Keep in mind that sometimes succession doesn’t adhere to your ideal timetable. What would happen to your business in the event you become unexpectedly incapacitated and unable to work either permanently or for an extended period of time? How would an event of that magnitude impact the value of the business as well as your ability to monetize it? And what would happen to your employees and your clients?

A carefully crafted and funded transition plan created today will not only serve as a road map for all these potential future contingencies, it will afford you an opportunity to better plan for, and ideally minimize, the tax impact of any sale – both from a timing of sale proceeds perspective, as well as an optimal deployment of after-tax proceeds to meet your family’s retirement, estate planning and philanthropic goals.

Looking Internally

Given enough time and with careful planning, selling your interest to one or more partners (assuming you have them), or to next generation successors who you’ve carefully groomed for the role, can prove to be more lucrative and significantly less disruptive.

These types of arrangements typically involve some mix of an up-front cash payment combined with a longer-term annual payout in exchange for your equity. Other creative solutions (e.g., an extension of permissible company benefits to a certain predetermined age) could also factor into the deal. If you prefer not to have an extended payout, a combination of cash and debt financing may be a preferable solution. For example, if you own a $12MM business with another partner, your $6MM buyout could be comprised of $2MM in cash and a $4MM secured loan that the business finances over the next five years.

Partner Buy-Sell Agreements

These essential business agreements are designed to facilitate the orderly transition of your ownership interest (as well as the ownership interests of your partners) in the event of a planned or unplanned departure. In order to ensure continuity – and avoid all too common situations where a partner becomes incapacitated or dies and their ownership transitions to a spouse or child who has neither an understanding or interest in the business – the agreement needs to be carefully structured and
FUNDED.

Frequently, these ”buy-sell” agreements are funded with life insurance policies. So, the sooner an agreement can be put in place and funded (when both you and your partners are younger and healthier), the less costly the policy premiums will be. In many instances, having a buy-sell agreement in place:

• Ensures you have a buyer in place
• Provides your partners with the funds needed to purchase your ownership interest
• Helps you establish the business’ actual value (enabling you to pre-plan estate and tax obligations)
• Reduces the chance of a forced sale to an unwanted buyer

Selling to a Third Party

If you don’t have a viable family member, partner or successor employee, then an external sale to a 3rd party may be the most feasible option. At first blush, this may even appear to be the most lucrative option.

Price is an important consideration, but so are the terms of the deal, the alignment of both the buyer’s interests and yours, your future post-sale role (if any), the seamless integration of your employees, and the cultural fit.

Any external sale may involve a promissory note with annual payments over a number of years.

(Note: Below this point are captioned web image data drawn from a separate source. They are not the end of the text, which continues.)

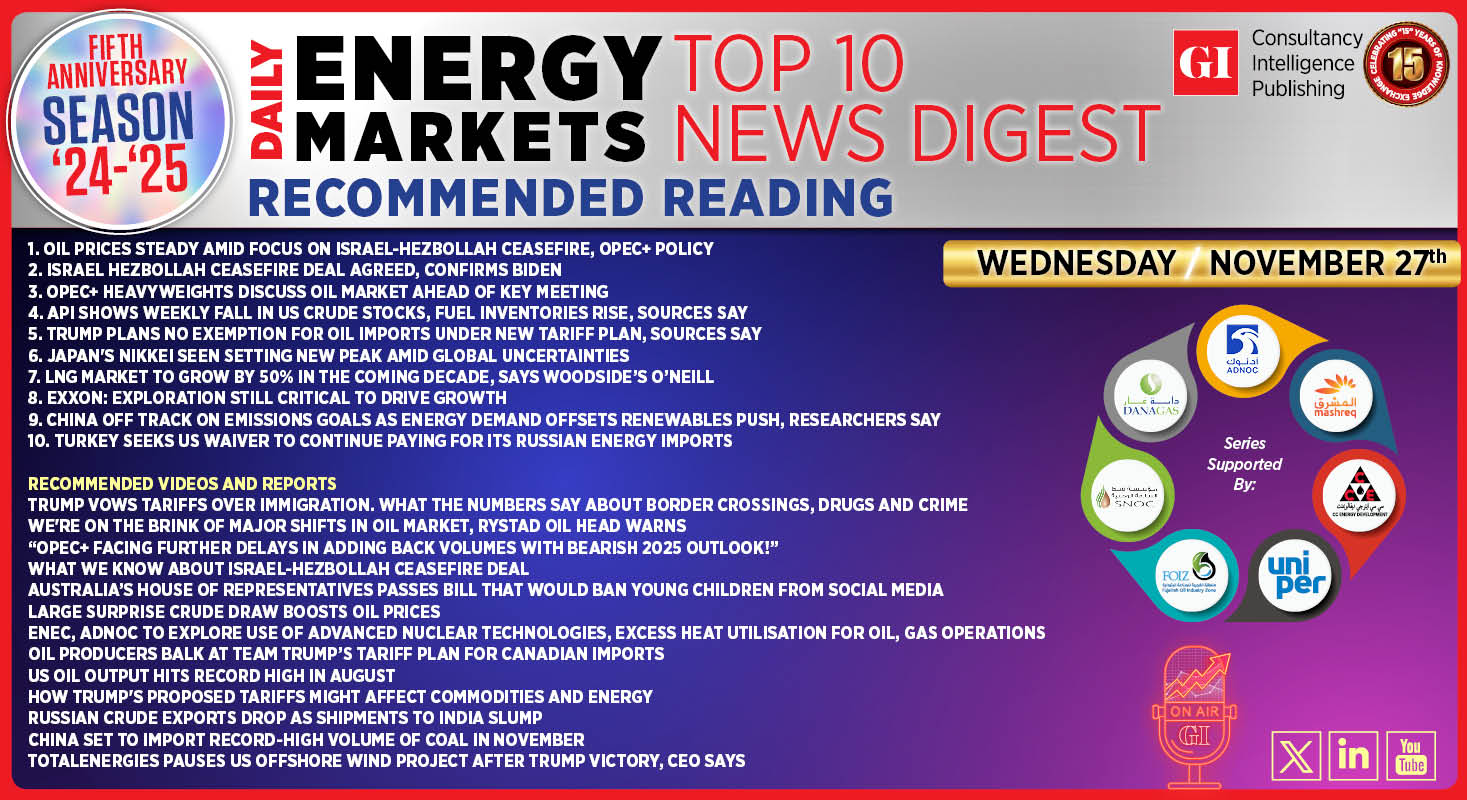 Top 10 - Daily Energy Markets News Digest: November 27, 2024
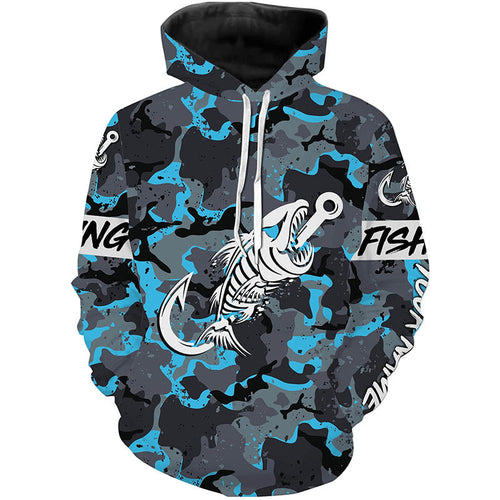 Fish hook skull blue Camo fish reaper Custom name fishing jerseys  | Hoodie - NPQ839
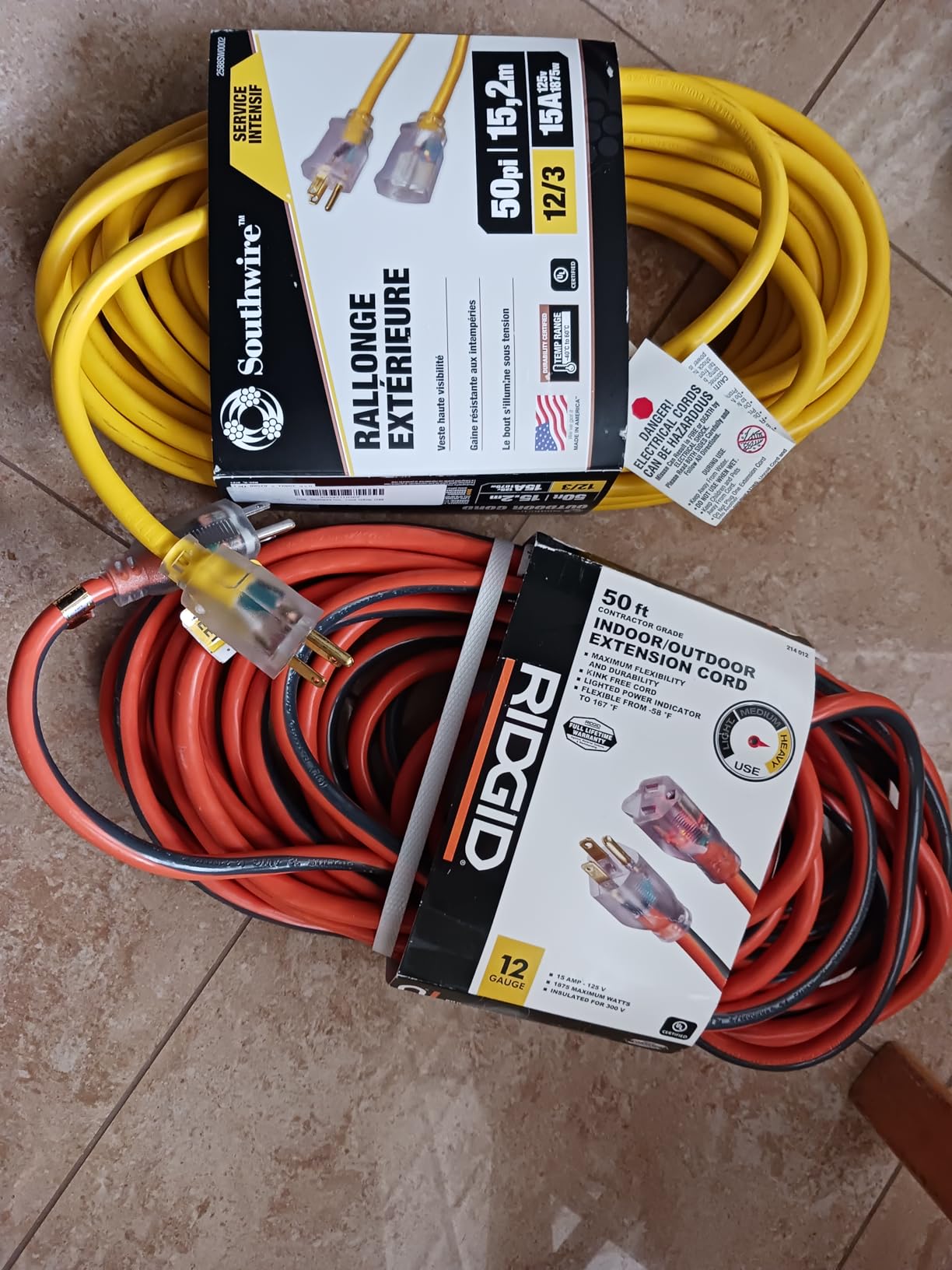 Southwire Outdoor Extension Cord – Durable Vinyl Jacket for For Farm, Ranch & Workshop - Lighted End With Reinforced Blades - SJTW, Yellow - 12 Gauge, 3 Prong - 50 Feet customer photo 1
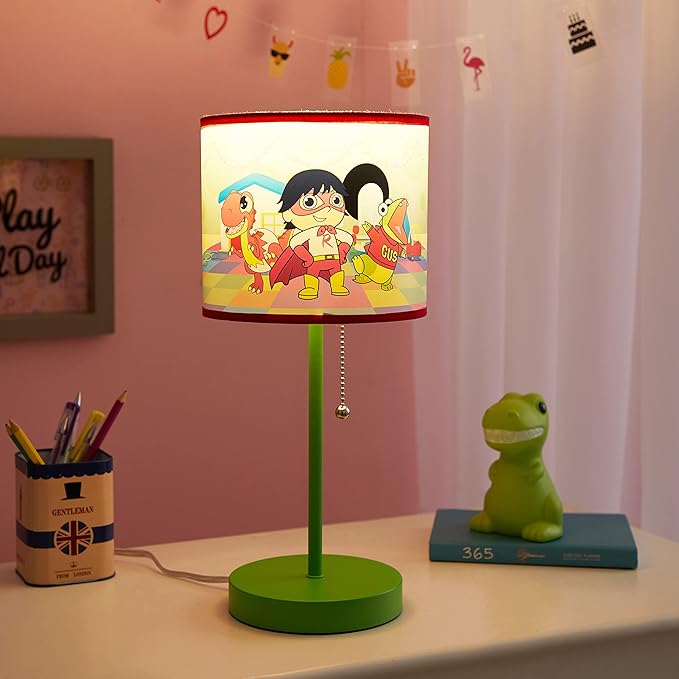 Ryan's World Stick Table Kids Lamp with Pull Chain Themed Printed Decorative Shade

The final price paid may be predicated on the business’ ongoing performance, client retention, revenue, and profitability.

Generating Liquidity without Relinquishing Control

Often, we sit down with owners who are still many years from exiting their extraordinarily successful businesses, but cash flow challenged. For years, these individuals have focused so intently on reinvesting to grow the business that they’ve been reluctant to take out too much cash. The business flourishes, but their personal liquid wealth outside the business lags far behind.

There are, however, ways to extract equity without selling the business or even giving up control.
Three of the most common are:

• Dividend recapitalizations – by using a term loan, you have the ability to extract considerable equity from the business without draining cash reserves (assuming annual cash flow is more than sufficient to pay back the loan).

• ESOPs – employee stock ownership plans (ESOPs) are specifically designed to facilitate the transfer (over time) of some or all of your equity interests to your employees. By selling less than 50% of your ownership to the ESOP, you’re still able to retain control while monetizing a portion of your equity. These tax-qualified
retirement plans offer valuable tax benefits and liquidity for you, while at the same time serving as an important retention tool for valuable employees.

• Working capital line – Obtaining a well-structured line of credit with a strategically aligned bank to fund peak seasonal needs is relatively easy, and with today’s historically low interest rates, extremely economical.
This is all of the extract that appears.